Problem description → Give the data back exactly. Leave out any images.

Supplied material →
*-*-*

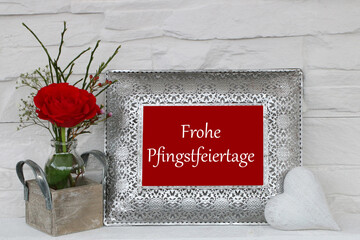 Rahmen mit Grüße zu Pfingsten. Frohe Pfingstfeiertage.	
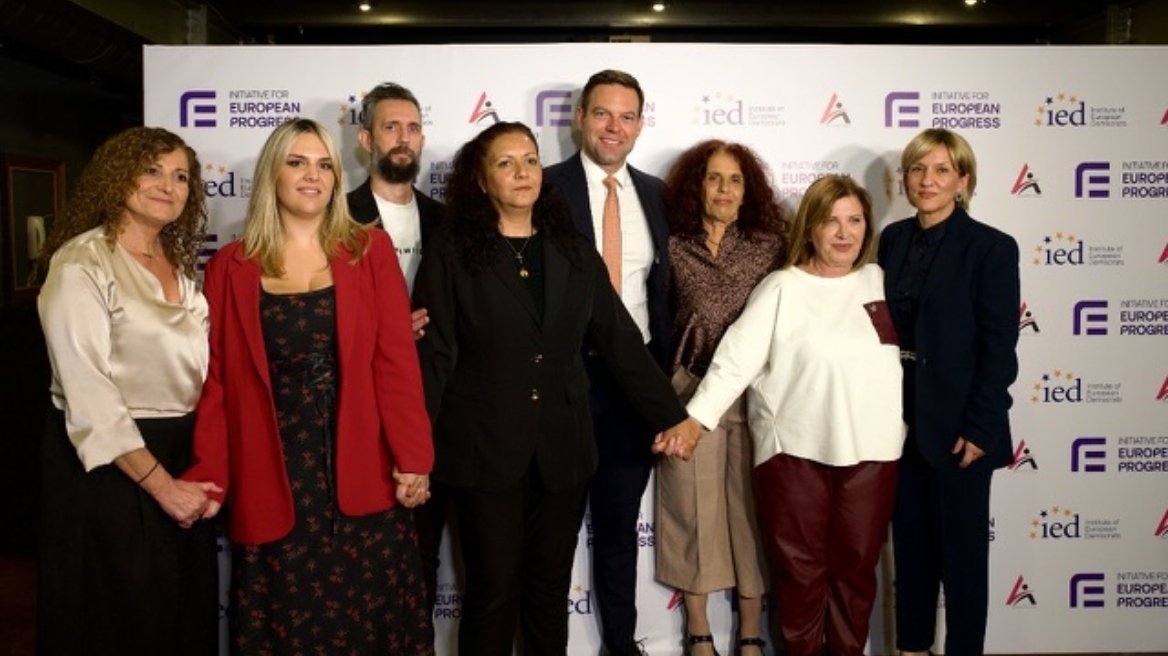 Κασσελάκης: Η κοινωνία δεν μπορεί πλέον να αποστρέφει το βλέμμα από την έμφυλη βία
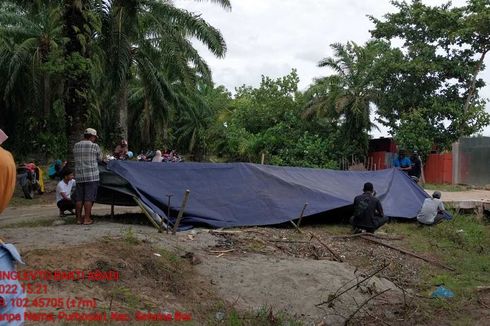 Protes Tambang Pasir Besi, Puluhan Perempuan Bengkulu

*-*-*

Written response →
 Rahmen mit Grüße zu Pfingsten. Frohe Pfingstfeiertage.	
 Κασσελάκης: Η κοινωνία δεν μπορεί πλέον να αποστρέφει το βλέμμα από την έμφυλη βία
 Protes Tambang Pasir Besi, Puluhan Perempuan Bengkulu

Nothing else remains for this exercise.